Brian Crick

Little, Big, Solar System

The trouble with the solar system is, it’s big.

Really big.

Lighting-28-September-2013-496-440

So I was working on getting Tinselfly to understand the concept of interplanetary travel. I want it to be smooth and seamless; I want the player to really feel the distances involved here. I want the player to feel small. This is sort of an extension of some stuff I was doing last year.

In short: you can’t just model this stuff and have it work. You have to use some camera tricks. So I came up with a plan. It was a clever, workable plan inspired by the effects in The Lord of the Rings, and I was halfway through it when I realized the other half might not be worth doing.

Here are the parts I finished:

  • You are orbiting a small moon, the big screen-filling, sun-blotting sphere in the images above. Its size is realistic.
  • The moon is orbiting a gas giant, which in turn has other moons, all of which are realistically sized.
  • You can see four small planets orbiting the sun in the top image; their positions are realistic.

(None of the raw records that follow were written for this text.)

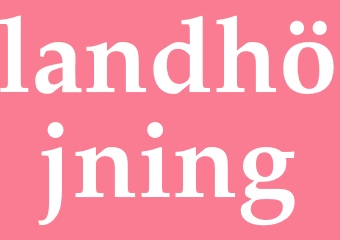 Synonym landhöjning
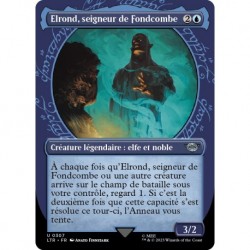 (Foil) Bleue - (SC) Elrond, seigneur de Fondcombe (U) [LTR]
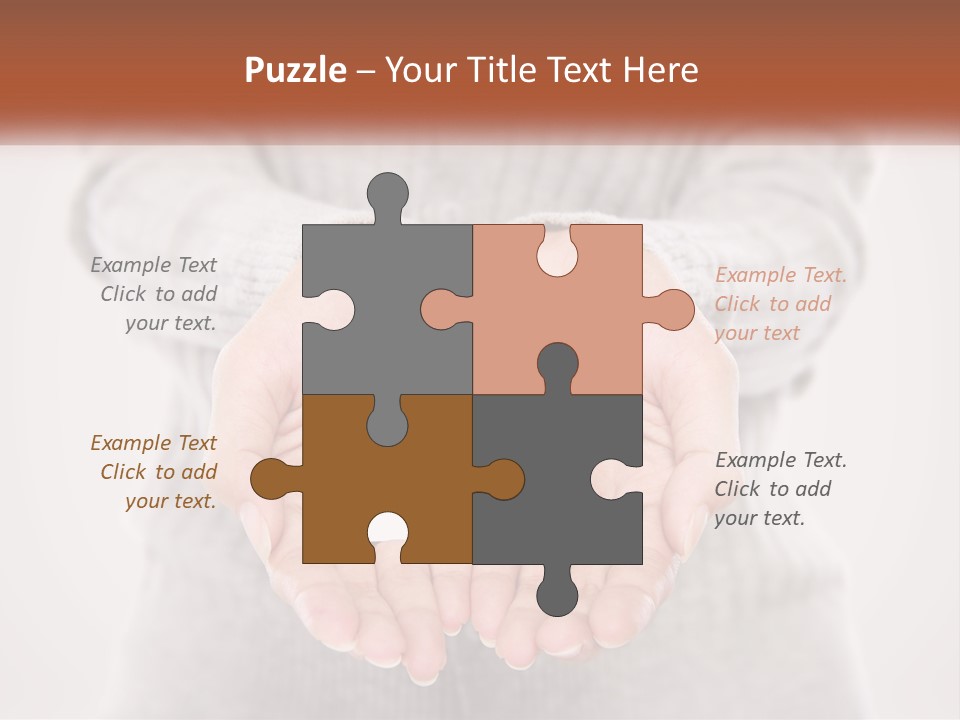 A Person Holding A Paper House In Their Hands PowerPoint Template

But here’s a problem that I’m choosing to leave in:

  • The sizes of the four small planets you can see near the sun are not remotely realistic.

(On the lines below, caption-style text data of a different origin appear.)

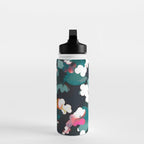 Floral Reverie Midnight Garden Water Bottle Gallery Image 3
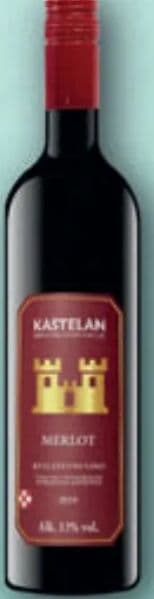 Kastelan Vino crno merlot Kastelan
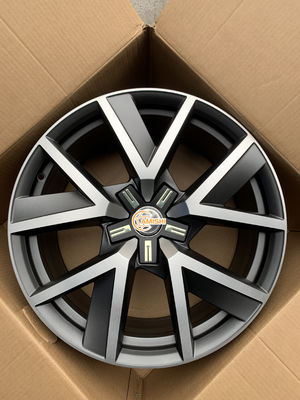 Lightweight 66.6 Hole 20 Inch Alloy Wheels ET33 Rims For Volkswagen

You’re viewing the bodies in this solar system as if the planets are reasonably sized, but the planets (including yours) are all 1000 times closer to the sun than they should be.

The four little planets above? Are shown 1000 times bigger than they would be in real life. It was part of my plan, to store everything using a compressed scale in my scene, and kind of inflate it all when the game was actually running. And I stopped just short of implementing that inflation part.

Lighting-Closeup-28-September-2013

Looking at this detail image here, you can see that each planet has a different phase, like the real Moon does. The planet on the left is reddish and a crescent. The planets in the middle are half moons. The one on the right is almost full. You can tell these are spheres, being lit by the sun, with different sizes and colors.

In short, you can tell they’re planets. Which, realistically, you could not do. Realistically, they should look kinda like particularly bright, untwinkling stars.

Looking up at the night sky never, ever, made me feel small and insignificant, because reality does a terrible job of communicating to the viewer what they’re actually looking at. And I don’t see it as my job to have space be big. It’s my job to communicate that space is big.

Rather by accident, looking up at these planets in-game makes me feel small in a way that reality does not, because it’s all on a scale I can start to comprehend — and I start to comprehend just how far I am from really being able to grasp how big that scale is. So I think I’ll leave this mistake, this unfinished camera trick, in.

For the same reason, I have made the plane of the solar system here line up exactly with the plane of the galaxy, with lines up exactly with the plane of the planetary system you’re in. Again, not entirely realistic, but seeing everything lined up like that — and seeing it all move unrealistically fast — cements this idea that you’re part of this system of spheres spinning around other, larger spheres, spinning around ever larger objects.

And watching all this makes me feel really, really, tiny. Which is what I’m going for here.